Los grandes maestros

La nueva película de Wong Kar Wai no establece una ruptura con su obra anterior. El cineasta permanece fiel a su estilo; su singular búsqueda plástica y narrativa está puesta al servicio de un relato más amplio. El arte de la guerra es un drama épico y romántico que abraza en el mismo movimiento la gran historia de China, desde el final del imperio hasta el preludio de los años Mao, y la relación entre un hombre y una mujer. El hombre es Ip Man, maestro de wing chun y representante de las escuelas del Norte. La mujer es Gong Er, heredera de una escuela del Sur y única experta en la técnica mortal de las sesenta y cuatro manos. Ip Man y Gong Er están enamorados pero no pueden confesarlo porque pertenecen a dos clanes rivales que se baten por la supremacía del kung-fu.
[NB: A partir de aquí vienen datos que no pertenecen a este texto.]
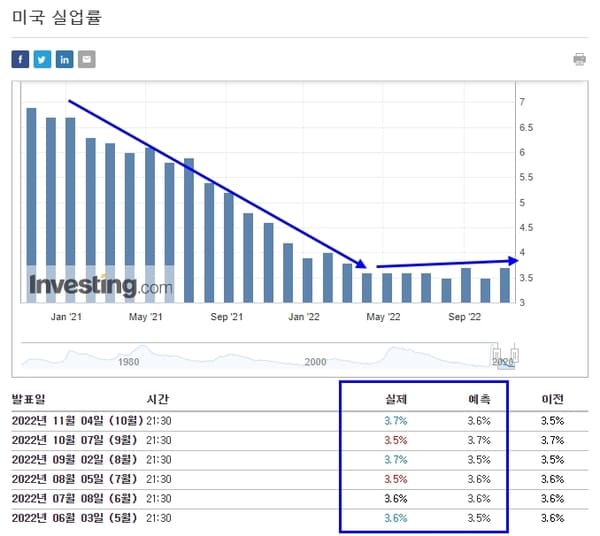 미국 실업률 발표자료 _ 증가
Wong le imprime su marca autoral a la saga clásica con las elipsis en el relato, las notales proezas formales y la tristeza latente del héroe que sabe que su gran historia de amor le pasa por un costado.
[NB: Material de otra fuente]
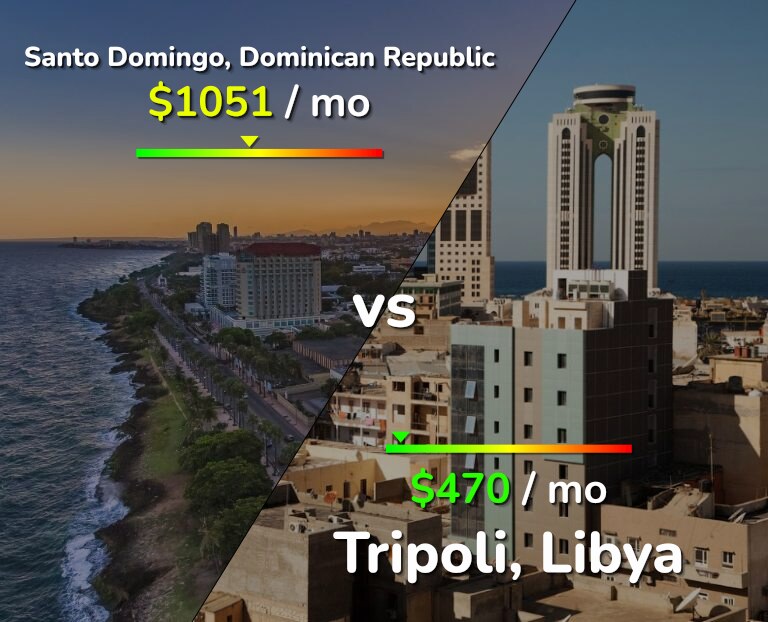 Cost of living in Santo Domingo vs Tripoli infographic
Los deslumbrantes combates bajo la lluvia, en la nieve o en un prostíbulo exuberante, son el escenario ideal para que el cineasta despliegue sus coreografías estilizadas mediante el uso (por momentos excesivo) de la cámara lenta o de aceleraciones que abarcan desde los dedos de las manos hasta la punta de los pies. La maestría formal se evidencia en el detalle de las texturas, la precisión de los contrastes, el brillo de las luces, la profundidad de las sombras y la división y distribución de los cuerpos en el plano. Wong construye espléndidos envoltorios para ceñir a los protagonistas en su universo personal. Zhang Ziyi luce como un icono del Hollywood de los años cuarenta mientras que Tony Leung envejece con una gracia absoluta.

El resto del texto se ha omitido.